Mobile network benchmarker Opensignal has analysed the real-world 5G experience in a bunch of countries, with the UK and US scoring poorly across the board.
Opensignal has come up with a metric it calls ‘5G download experience’, which is a product of average 5G download speeds and 4G speeds, with the proportions depending on how much 5G availability there is. The rational seems to be that if you have a 5G phone, but hardly ever get onto a 5G network, then your 5G experience is largely determined by 4G.
So in the first chart below you can see average download speeds by country and the multiple from 4G to 5G. As you can see, the US is pretty rubbish on both counts. The second chart shows 5G availability, with UK 5G subscribers actually getting what they’ve paid for less than 5% of the time. As a consequence, the UK and US are very much bottom of the 5G experience table, as shown in the final chart.
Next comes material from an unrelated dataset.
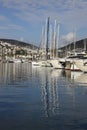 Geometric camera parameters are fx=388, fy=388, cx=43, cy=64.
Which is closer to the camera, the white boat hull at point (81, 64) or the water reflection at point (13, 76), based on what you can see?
the water reflection at point (13, 76)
Opensignal notes that the reason the US speeds are so bad is that its operators are mainly using small amounts of low frequency spectrum, which in turn bumps up their coverage numbers. That may be set to change following the mid-band auction, but coverage and capacity will always be a trade-off. It offers no such mitigation for the UK’s appalling coverage numbers.
UPDATE 09:30 27/8/20: In the second paragraph we called the Opensignal metric ‘5G download experience’, when the correct name is ‘5G download speed experience’. Apologies for any confusion caused.